For the record, I am not a locovore.
Jean-Louis Gassee on Google’s Self-Driving Car
The hardware and the software will fail, no question. The real riddle is determining the socially acceptable failure rate. Today, there are about 40,000 car fatalities per year. [In the US, actually slightly less — dml] Note the euphemistic “car fatalities” or “car accidents”, as if the drivers weren’t to blame. You can imagine the news headlines when the first self-driving car fatality happens: Killer Robot! Killer Software! (A literal killer app?). Isaac Asimov, the author of the Three Laws of Robotics will spin in his grave.
Why robot cars (autonomous vehicles), as demonstrated by Google this week (and randomly captured by Robert Scoble in the video above), matter.
1. Safety – cars would be safe if only there weren’t drivers behind the wheel. Driverless cars seldom get distracted or tired, have really fast perception-reaction times, know exactly how hard to break, and can communicate (potentially) with vehicles around them with Mobile Ad Hoc Networks.
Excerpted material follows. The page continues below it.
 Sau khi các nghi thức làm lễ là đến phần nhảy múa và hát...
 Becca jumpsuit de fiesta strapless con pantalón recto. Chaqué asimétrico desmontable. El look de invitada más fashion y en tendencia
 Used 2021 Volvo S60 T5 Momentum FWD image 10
But this improves not only vehicle safety, it improves the safety and environment for pedestrians and bicyclists.
2. Capacity – ‘bots can follow other driverless cars at a significantly reduced distance, and can stay within much narrower lanes with greater accuracy. Capacity at bottlenecks should improve, both in throughput per lane and the number of lanes per unit roadwidth. These cars still need to go somewhere, so we need capacity on city streets as well as freeways, but we save space on parking (see below), and lane width everywhere. If we can reduce lane width, and have adequate capacity, we can reduce paved area and still see higher throughput. Most roadspace is not used most of the time now.
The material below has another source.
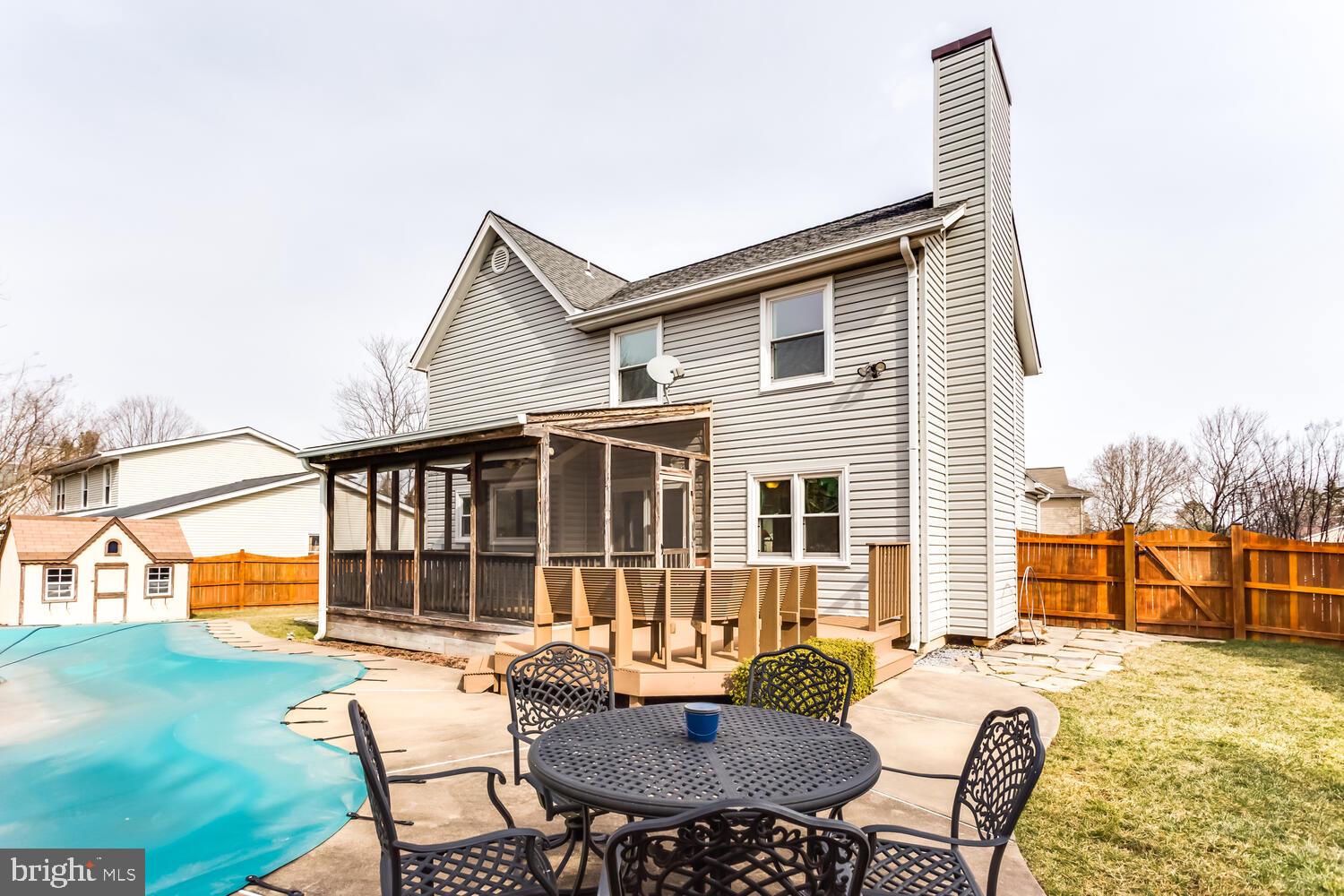 CRESTBROOK - Residential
3. Vehicle diversity – Narrow and specialized cars are now more feasible with computers driving and increased overall safety. Especially if we move to cloud commuting (as below), we can have greater variety, and more precision in the fleet, with the right size car for the job.
4. Travel behavior – if the cost of traveling per trip declines (drivers need to exert less effort, and lose less effective time, since they can do something else), we would expect more trips (my taxi can take me wherever) and longer trips and more trips by robocar.
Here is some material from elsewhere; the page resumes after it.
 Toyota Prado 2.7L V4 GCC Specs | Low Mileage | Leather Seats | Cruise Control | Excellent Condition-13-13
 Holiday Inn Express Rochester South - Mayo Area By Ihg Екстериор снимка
5. Land use – if acceptable trip distances increases, we would expect a greater spread of origins and destinations, (pejoratively, sprawl), just as commuter trains enable exurban living or living in a different city.
6. Parking – my car can drop me off at the front door, and go fairly remotely to park, so we don’t need to devote valuable space to parking ramps (garages) (we still need space, it is just far away), searching for parking is also less critical. On street parking can be abolished.
7. Transportation disadvantaged – children, the physically challenged, and others who cannot or should not drive, are now enabled. Parents, friends, and siblings need not shuttle children around, the vehicle can do that by itself. The differences between transit and private vehicles begin to collapse. We can serious consider giving passes to driverless taxis for the poor, since costs should drop with lower labor costs, and if the point below holds, paratransit services become much less expensive as well.